### Prompt
Restate the opening lines of the material below word for word, stopping after the line that contains "Der Kavu Women's".

### The records
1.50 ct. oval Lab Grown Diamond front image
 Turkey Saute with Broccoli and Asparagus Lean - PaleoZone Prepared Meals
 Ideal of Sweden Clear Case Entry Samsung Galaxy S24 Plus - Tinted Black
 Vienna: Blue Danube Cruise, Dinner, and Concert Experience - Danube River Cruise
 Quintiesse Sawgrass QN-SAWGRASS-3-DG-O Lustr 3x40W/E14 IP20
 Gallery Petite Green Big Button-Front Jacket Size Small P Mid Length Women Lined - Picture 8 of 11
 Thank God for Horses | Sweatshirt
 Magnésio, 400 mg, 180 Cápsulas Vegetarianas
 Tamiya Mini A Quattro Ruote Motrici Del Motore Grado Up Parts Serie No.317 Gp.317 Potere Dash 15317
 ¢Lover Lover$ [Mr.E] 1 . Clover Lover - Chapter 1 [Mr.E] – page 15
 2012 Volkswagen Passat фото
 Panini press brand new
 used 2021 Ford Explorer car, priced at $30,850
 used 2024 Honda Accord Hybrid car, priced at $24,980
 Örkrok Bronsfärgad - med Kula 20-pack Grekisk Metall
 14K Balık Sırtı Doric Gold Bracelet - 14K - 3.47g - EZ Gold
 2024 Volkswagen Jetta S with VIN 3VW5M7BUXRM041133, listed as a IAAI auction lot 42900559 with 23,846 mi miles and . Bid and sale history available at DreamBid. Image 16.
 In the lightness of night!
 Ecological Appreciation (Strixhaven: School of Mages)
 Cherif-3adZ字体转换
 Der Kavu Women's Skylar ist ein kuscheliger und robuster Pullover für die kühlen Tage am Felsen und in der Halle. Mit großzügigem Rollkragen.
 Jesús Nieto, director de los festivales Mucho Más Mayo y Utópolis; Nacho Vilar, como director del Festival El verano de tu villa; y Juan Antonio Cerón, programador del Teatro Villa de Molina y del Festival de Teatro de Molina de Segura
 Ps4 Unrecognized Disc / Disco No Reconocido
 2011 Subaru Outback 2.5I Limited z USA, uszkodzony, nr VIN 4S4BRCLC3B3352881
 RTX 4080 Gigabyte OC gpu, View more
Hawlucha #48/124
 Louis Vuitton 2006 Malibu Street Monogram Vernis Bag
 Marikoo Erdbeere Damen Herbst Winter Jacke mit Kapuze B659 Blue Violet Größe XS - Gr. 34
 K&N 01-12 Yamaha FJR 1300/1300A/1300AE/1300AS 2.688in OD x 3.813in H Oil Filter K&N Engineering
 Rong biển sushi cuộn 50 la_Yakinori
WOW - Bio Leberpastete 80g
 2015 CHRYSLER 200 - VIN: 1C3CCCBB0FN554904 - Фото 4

### Answer box
1.50 ct. oval Lab Grown Diamond front image
 Turkey Saute with Broccoli and Asparagus Lean - PaleoZone Prepared Meals
 Ideal of Sweden Clear Case Entry Samsung Galaxy S24 Plus - Tinted Black
 Vienna: Blue Danube Cruise, Dinner, and Concert Experience - Danube River Cruise
 Quintiesse Sawgrass QN-SAWGRASS-3-DG-O Lustr 3x40W/E14 IP20
 Gallery Petite Green Big Button-Front Jacket Size Small P Mid Length Women Lined - Picture 8 of 11
 Thank God for Horses | Sweatshirt
 Magnésio, 400 mg, 180 Cápsulas Vegetarianas
 Tamiya Mini A Quattro Ruote Motrici Del Motore Grado Up Parts Serie No.317 Gp.317 Potere Dash 15317
 ¢Lover Lover$ [Mr.E] 1 . Clover Lover - Chapter 1 [Mr.E] – page 15
 2012 Volkswagen Passat фото
 Panini press brand new
 used 2021 Ford Explorer car, priced at $30,850
 used 2024 Honda Accord Hybrid car, priced at $24,980
 Örkrok Bronsfärgad - med Kula 20-pack Grekisk Metall
 14K Balık Sırtı Doric Gold Bracelet - 14K - 3.47g - EZ Gold
 2024 Volkswagen Jetta S with VIN 3VW5M7BUXRM041133, listed as a IAAI auction lot 42900559 with 23,846 mi miles and . Bid and sale history available at DreamBid. Image 16.
 In the lightness of night!
 Ecological Appreciation (Strixhaven: School of Mages)
 Cherif-3adZ字体转换
 Der Kavu Women's Skylar ist ein kuscheliger und robuster Pullover für die kühlen Tage am Felsen und in der Halle. Mit großzügigem Rollkragen.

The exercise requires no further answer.